What I changed: This made the error stop appearing, but would only create a single SITE plot even though I had two sites. I added quotation marks around my character column SITE when asking my data to group by site. Here is my code below, with the change highlighted:
My first approach
load packages
#library(tidyverse)
#library(dplyr)
#library(ggplot2)
#library(purrr)
simulate data
small_data <- data.frame(
Genus = c("GenusA", "GenusB", "GenusA", "GenusB", "GenusC", "GenusD", "GenusA", "GenusA", "GenusE", "GenusB", "GenusF", "GenusB", "GenusC", "GenusG", "GenusD", "GenusC", "GenusH", "GenusA", "GenusE", "GenusH" ),
target_Genus = c(TRUE, FALSE, TRUE, FALSE, TRUE, TRUE, TRUE, TRUE, FALSE, FALSE, TRUE, FALSE, TRUE, FALSE, TRUE, TRUE, TRUE, TRUE, FALSE, TRUE),
SITE = c("Site1", "Site2", "Site1", "Site2", "Site1", "Site1", "Site2", "Site2", "Site2", "Site2", "Site1", "Site1", "Site2", "Site1", "Site2", "Site1", "Site1", "Site2", "Site2", "Site1"),
Reads = c(100, 150, 200, 120, 180, 300, 30, 96, 240, 190, 176, 358, 209, 652, 102, 280, 320, 520, 760, 120)
)
Group by SITE
grouped_data <- small_data %>%
filter(target_Genus == TRUE) %>%
group_by("SITE") # These are the added quotation marks.
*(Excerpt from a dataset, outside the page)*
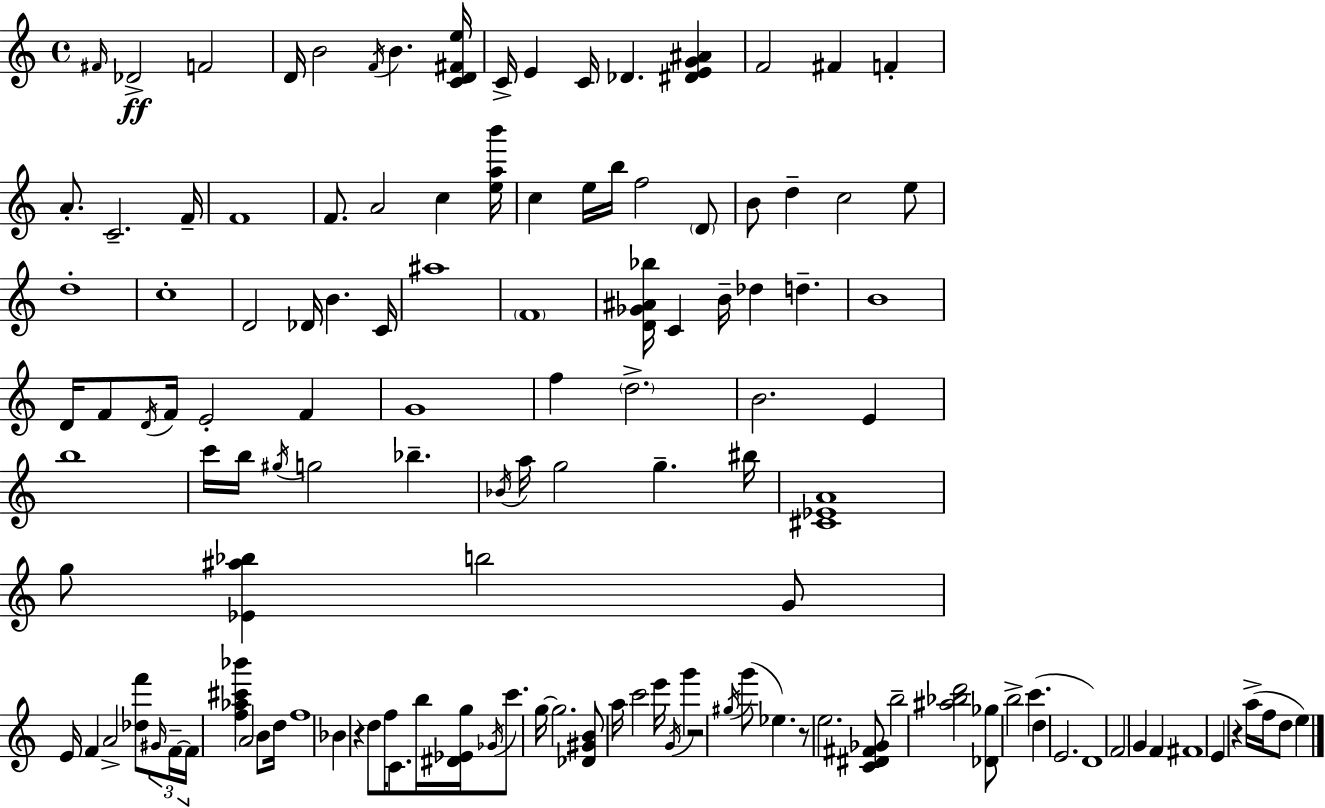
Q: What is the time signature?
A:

Running this code two times, once with group_by(SITE) and once with group_by("SITE"), will replicate the warning message and the fix
Function to create pie chart for each group
create_pie_chart <- function(data) {
unique_groups <- unique(data$Genus)
group_counts <- table(data$Genus)
pie_data <- data.frame(Group = names(group_counts), Count = as.numeric(group_counts))
colors <- rainbow(length(unique_groups))
pie_chart <- ggplot(pie_data, aes(x = "", y = Count, fill = Group)) +
geom_bar(stat = "identity", width = 1) +
coord_polar("y") +
scale_fill_manual(values = colors) +
theme_void() +
ggtitle(paste("Distribution of HAB Genera by SITE:", unique(data$SITE)))
print(pie_chart)
}
Apply the function to each group
grouped_data %>%
group_map(~ create_pie_chart(.))
Because this minor change stopped the warning, but didn't give me my desired plots, I tried another method where I include filtering by SITE inside the for loop to give me all the plots I want.
My second approach
Function to create pie chart for each SITE
create_pie_chart <- function(data) {
unique_sites <- unique(data$SITE)
for (site in unique_sites) {
site_data <- data %>%
filter(target_Genus == TRUE, SITE == site)
if (nrow(site_data) > 0) { # Check if data for the site is available
unique_groups <- unique(site_data$Genus)
group_counts <- table(site_data$Genus)
pie_data <- data.frame(Group = names(group_counts), Count = as.numeric(group_counts))
colors <- rainbow(length(unique_groups))
pie_chart <- ggplot(pie_data, aes(x = "", y = Count, fill = Group)) +
geom_bar(stat = "identity", width = 1) +
coord_polar("y") +
scale_fill_manual(values = colors) +
theme_void() +
ggtitle(paste("Distribution of HAB Genera by SITE:", site))
print(pie_chart)
}
}
}
Apply the function to the data frame
create_pie_chart(small_data)
This second approach where I put the grouping by sites into the for
loop makes the warning disappear, and it creates a plot for every unique site in the SITE column.
That's all! I hope this helps someone! Maybe I have it incorrect, but hopefully at least the reproducible bug is helpful to people who want to figure out the root of the problem.